All that said, I am brought to question whether there needs to exist such a category at all.  It is certainly not distinctive as an occupation, so having it would not be useful for any research that I can see.  Other occupations that women through the ages entered into were as nuns, teachers, nurses, servants....  Those are more distinct.

Farmers also should be looked at again, haven't examined it recently but there should be sub-categories, like homesteaders, plowmen ....  Many of the first colonists had more than one occupation, they had a primary one on arrival, like for example cooper, but got land and created a homestead, while still engaging in their first occupation.
There is a farming occupations category, which includes such occupations as cattle dealers, beekeepers, fruit growers, etc.

The farmers category exists, perhaps, to include all of those hardworking "general farmers" like my great-grandfathers. They dabbled in a little bit of everything, raising small numbers of chickens and planting enough crops to support a family in rural Indiana or Ohio.

And I've decided I'll add [[Category: 'Ménagère]] to my profile just because it sounds better than SAHM. tee hee. Yes, I've been "staying at home" for 35 years and I like it that way and have been fortunate enough to do so. :-)

And I agree with your assessment of the criminals. It's only an "occupation" if it's a continuing endeavor. Although, hitmen for organized crime could be included as well.

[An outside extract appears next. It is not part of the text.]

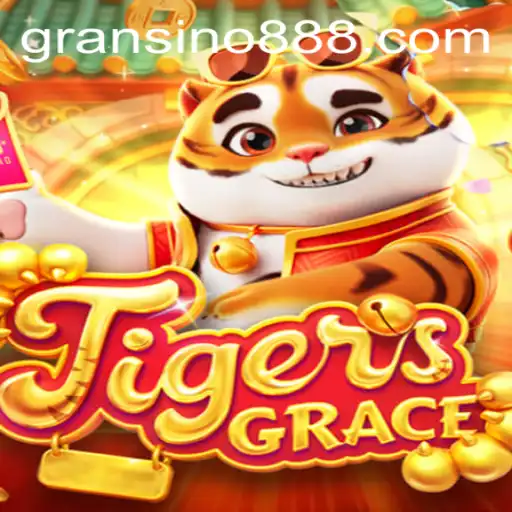 Exploring the Exciting World of TigersGrace Featuring Gransino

IMO, criminals should be left out of occupational categories and left to crime, black sheep, historical figures, or whatever, but it's not my call and we're a collaborative site.
oh please, don't create that category!  Nowadays it has derogatory connotations also.  lol.  Do we need categories for everything that was ever engaged in by a person?  We'd need categories for the 2 oldest professions also, those being whores (temple or otherwise) and shamans/witch doctors, however you want to call them.  There comes a point where categories get created that are just too unspecific and general, and not very useful for any research purposes.
Danielle, I was just joking!!
so was I.  :D
+4 votes

Actually, it should be [[Category: Homemakers]], because occupation names should be plural.

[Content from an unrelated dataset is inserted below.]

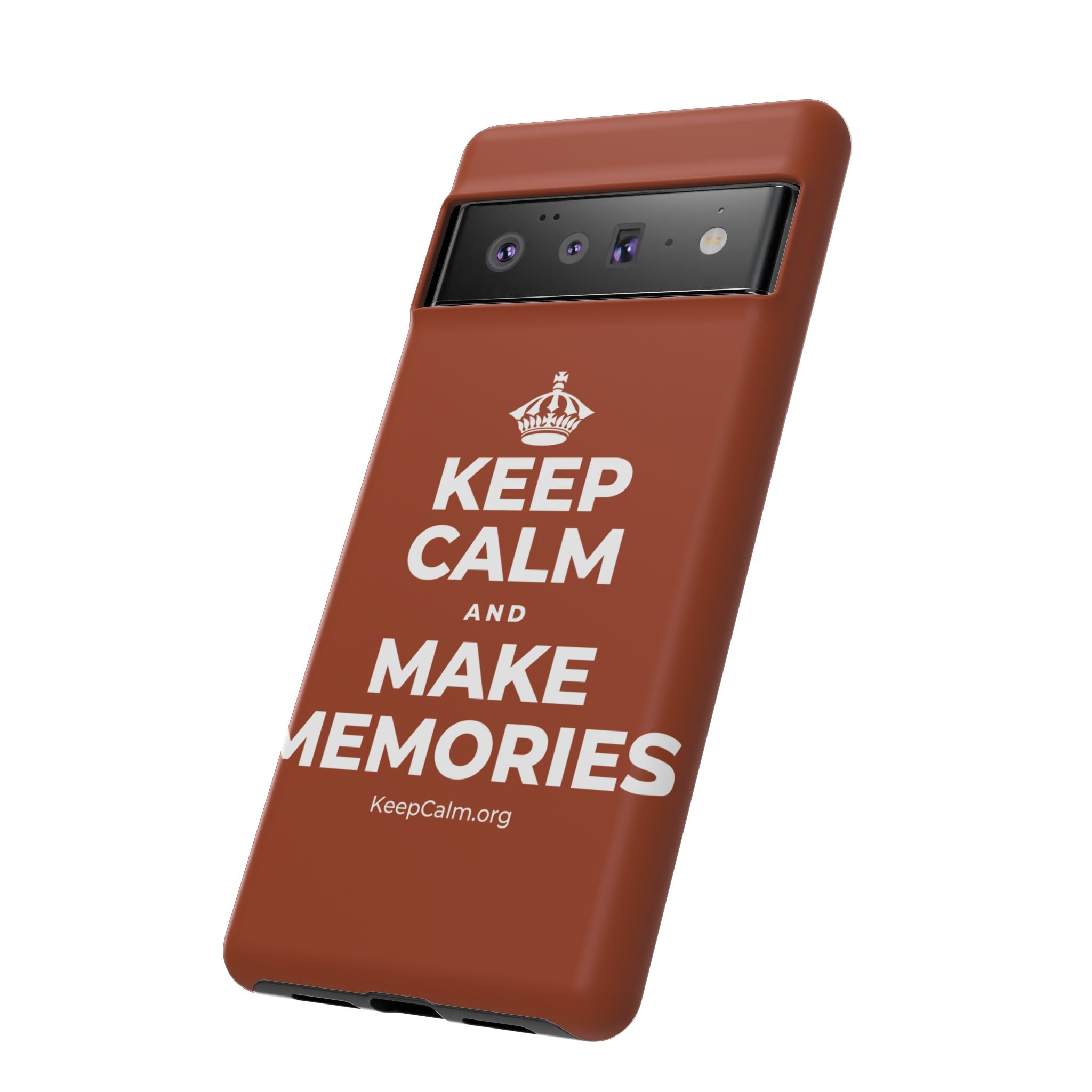 KEEP CALM AND MAKE MEMORIES Phone Case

by Greg Slade G2G6 Pilot (368k points)
It is the category name, Greg, as it exists. There are 373 members of the category.
+2 votes

 - Homemaker Danielle Liard - -  ? my  question would be ? are you finding them because they are a "Census" answer to an occupation ? , or are they from a gedcom up load from another site - and so on - and are they from a particular country/state, and range of years, as in 1800's - -

The 'problem' is similar to the use of the prefix field - ? - for - Mr - Private - Mrs - Sargent , and so on - there are too many of them - - -

I feel the "WikiTree" answer is best - describe it in the Bio, if it makes sense there - - Mary Smith was a caring homemaker and wife - - -

cheers - ja


by John Andrewartha G2G6 Mach 5 (59.9k points)
no John, categories don't come with gedcoms, somebody has been entering these manually, and the profiles that brought this to my attention are French-Canadian, so even the language is wrong.

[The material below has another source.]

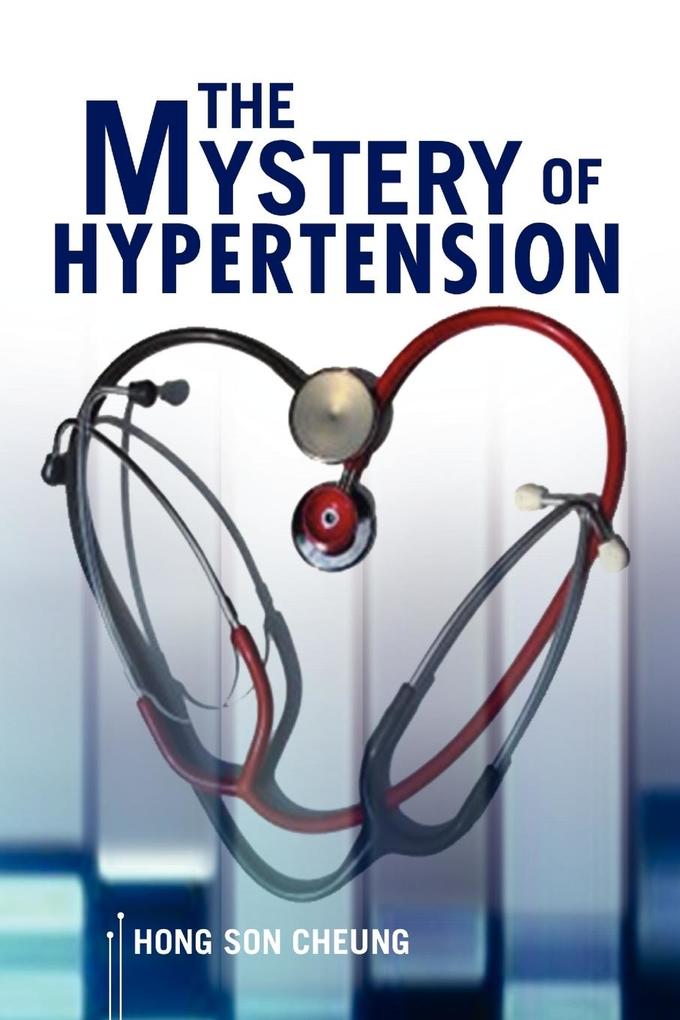 The Mystery of Hypertension von Xlibris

this profile from ancestry, is my example = - Macpherson-51 created 17 Sep 2011 This page has been accessed 202 times.


This biography is a rough draft. It was auto-generated by a GEDCOM import and needs to be edited.


Occupation: Wood Sawyer[1]

User ID

User ID: D8D7A2EE5E13433D8522F560C1DC75D51312

occupation description in Gedcoms doesn't link to a [[category:xyz]] that I know of, so that's not it.